The following is part of a dialogue that took place in Managua between the North American delegation and a group of indigenous evangelical pastors from the Nicaraguan countryside. The conversation focused on the impact of the revolution on evangelical faith in Nicaragua.
--The Editors
Alvino Melendez (Baptist Church): We have been challenged by the revolution to go deeper in our concept of salvation. From a theological viewpoint, there is no salvation of the soul, but of the person. We don't speak now only of the spirit.
Rodolfo Fonseca (Church of God): Before the revolution, our preaching was directed more toward the spiritual. That is still the principal aspect, but we weren't preaching an integral gospel according to Scripture. Luke 4:16 teaches us that salvation is not only spiritual, but liberates the person from the many things that society makes him captive to.

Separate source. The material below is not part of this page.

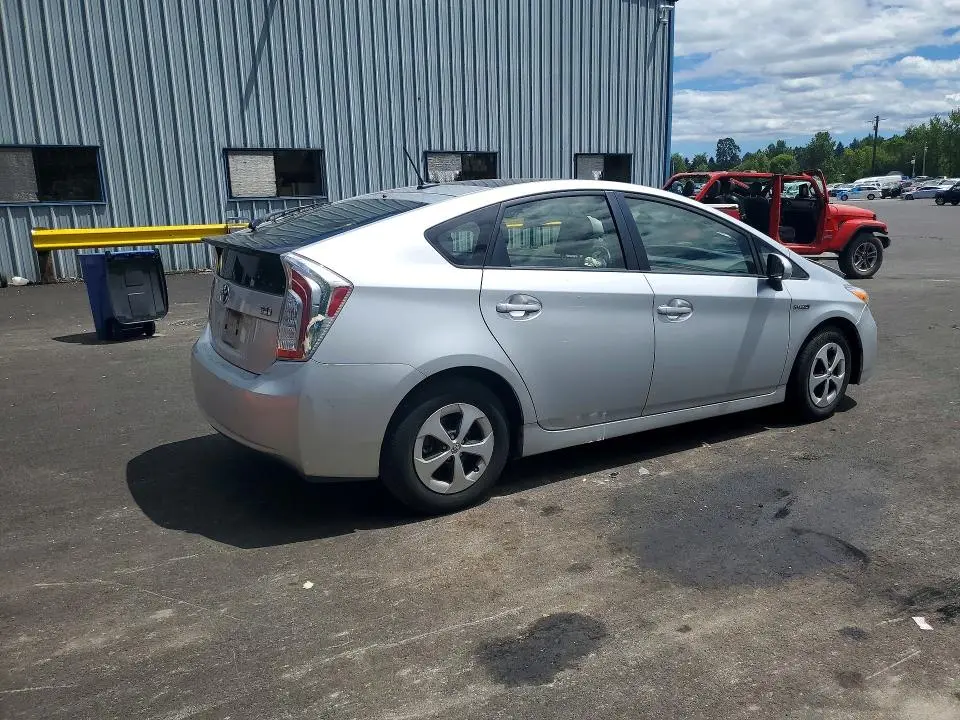 2013 TOYOTA PRIUS FOUR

Gustavo Parajon (CEPAD): In the perspective of Ephesians, chapter four, Paul speaks of the growth of the Christian. After we initiate our travel with the Lord, our journey, we are perfected by Jesus Christ to the fullness of the stature of Jesus Christ. Sometimes as evangelicals all we preach is the new birth, and then we leave dwarfs; there is no growth, building up of the body of Christ. And then these dwarf Christians cannot do the ministry that Ephesians four teaches.
Thelma Pereira (Waves of Light radio station): I understand that the Christian is saved from the moment of belief in Jesus Christ as Lord. The process of spiritual growth comes later, but salvation is only by grace.
You have asked how we feel about the revolution as evangelicals. I would say God permits different situations for growth. This is what has happened in Nicaragua.
Since the triumph of the revolution, the churches have grown. The word has been preached more. This doesn't mean that Christ has changed; he is the same yesterday, today, and forever. But we evangelicals in Nicaragua are now concerned for humanity. As Christians we must be concerned about progress not only in salvation of the soul but also in the integral advance of the human community.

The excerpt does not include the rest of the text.